◆ TASK OBJECTIVE ◆
Go to the line holding "BVLG Opening Bangle" in the data below and repeat it exactly, then each line after it up to and including the one holding "Rio FORA Wax Melt and Aroma Diffuser". Omit pictures.

◆ GIVEN RECORDS ◆
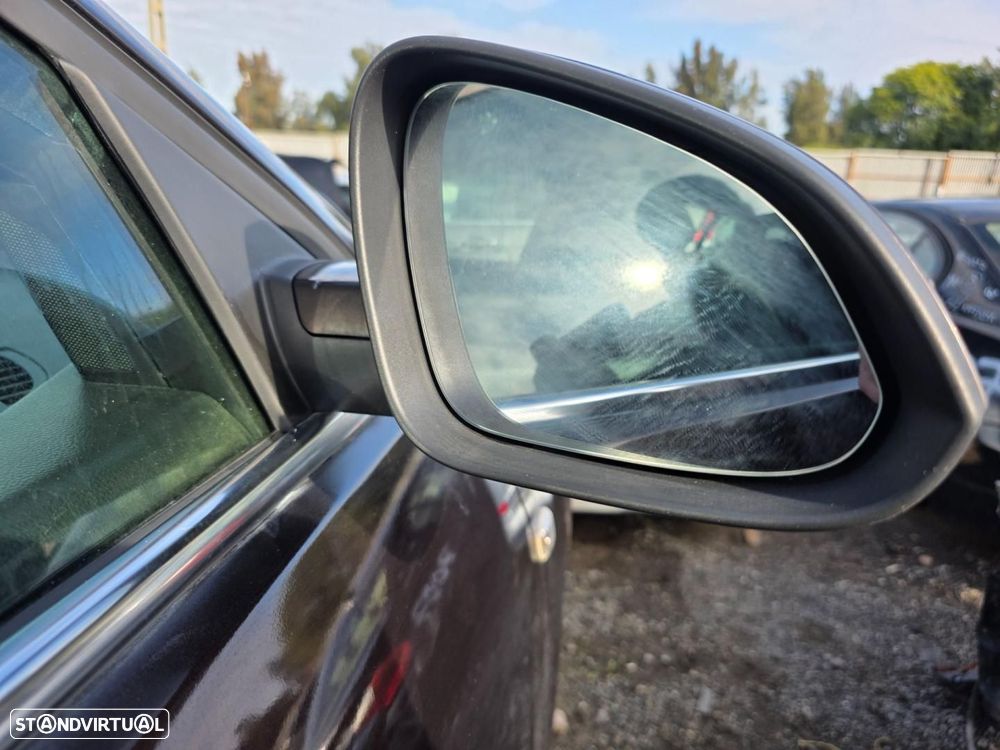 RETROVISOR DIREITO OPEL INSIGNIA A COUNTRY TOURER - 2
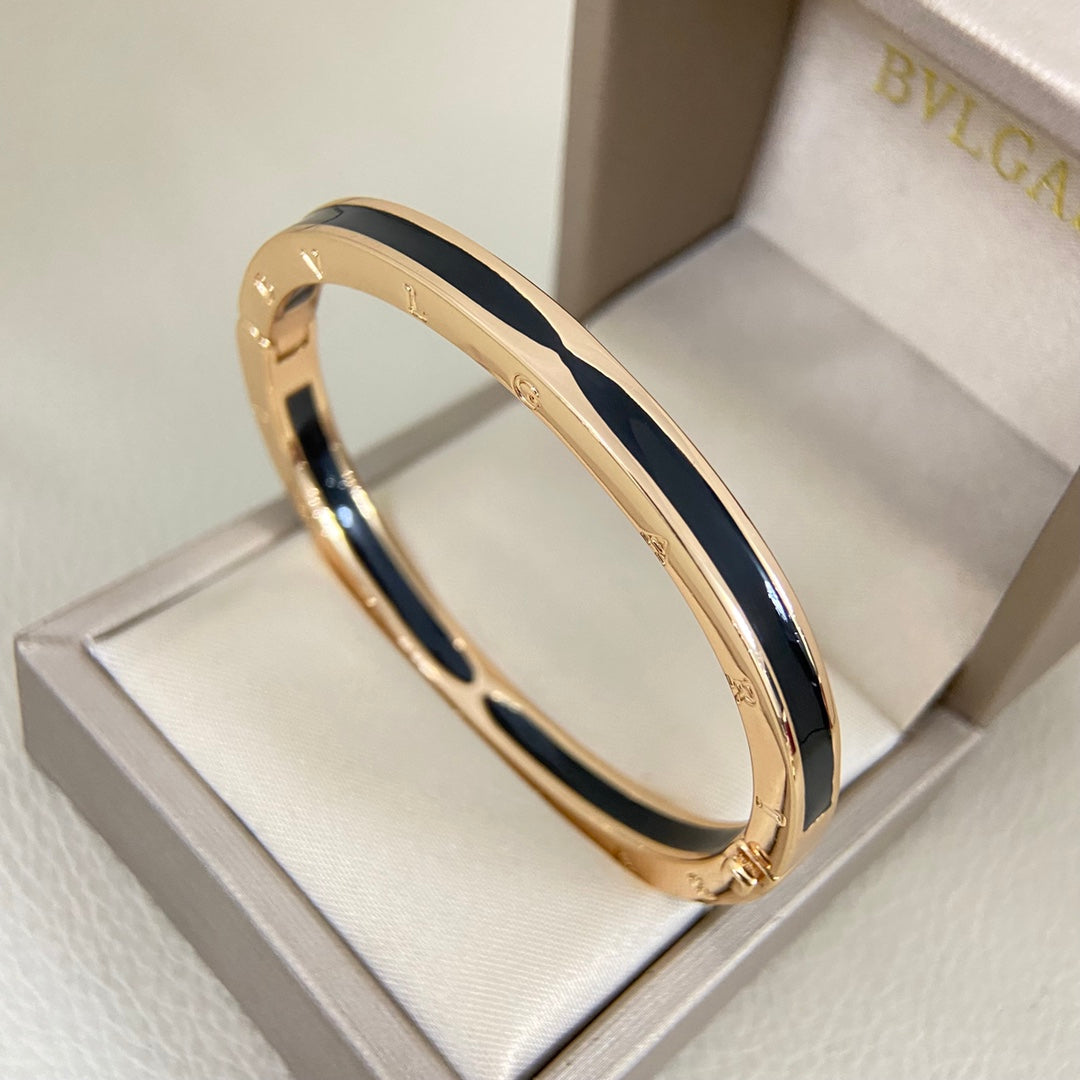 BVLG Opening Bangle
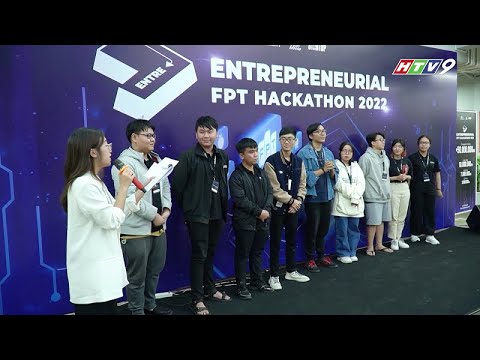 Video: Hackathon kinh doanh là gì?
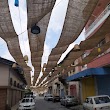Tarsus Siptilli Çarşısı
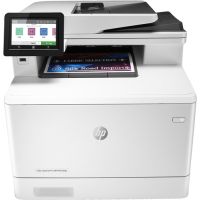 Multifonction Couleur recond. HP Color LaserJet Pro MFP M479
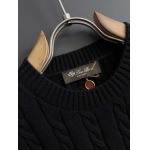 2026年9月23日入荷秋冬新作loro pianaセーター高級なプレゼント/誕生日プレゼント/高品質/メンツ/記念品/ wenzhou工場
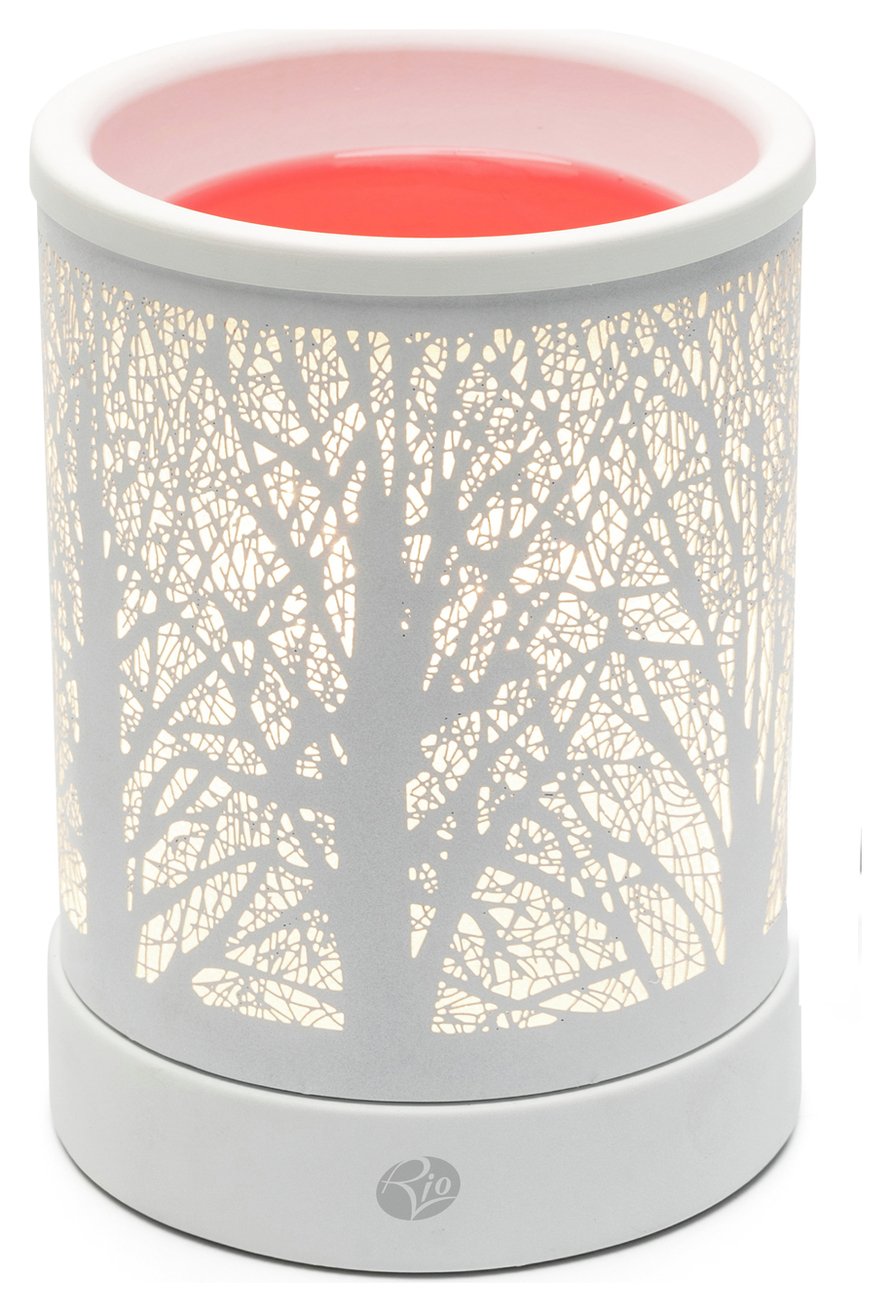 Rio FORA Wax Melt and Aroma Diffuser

* * *

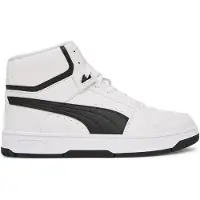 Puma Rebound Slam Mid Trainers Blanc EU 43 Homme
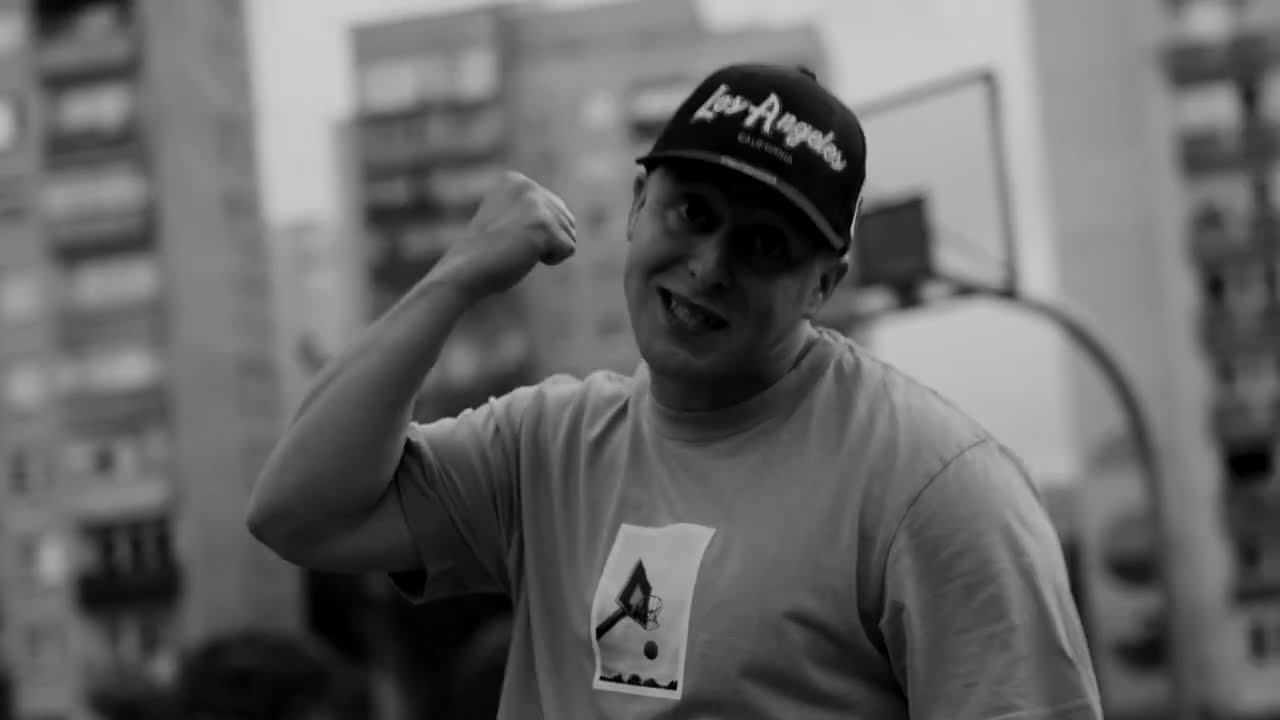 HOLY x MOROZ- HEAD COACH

◆ SOLUTION TO THE EXERCISE ◆
 BVLG Opening Bangle
 Video: Hackathon kinh doanh là gì?
Tarsus Siptilli Çarşısı
 Multifonction Couleur recond. HP Color LaserJet Pro MFP M479
 2026年9月23日入荷秋冬新作loro pianaセーター高級なプレゼント/誕生日プレゼント/高品質/メンツ/記念品/ wenzhou工場
 Rio FORA Wax Melt and Aroma Diffuser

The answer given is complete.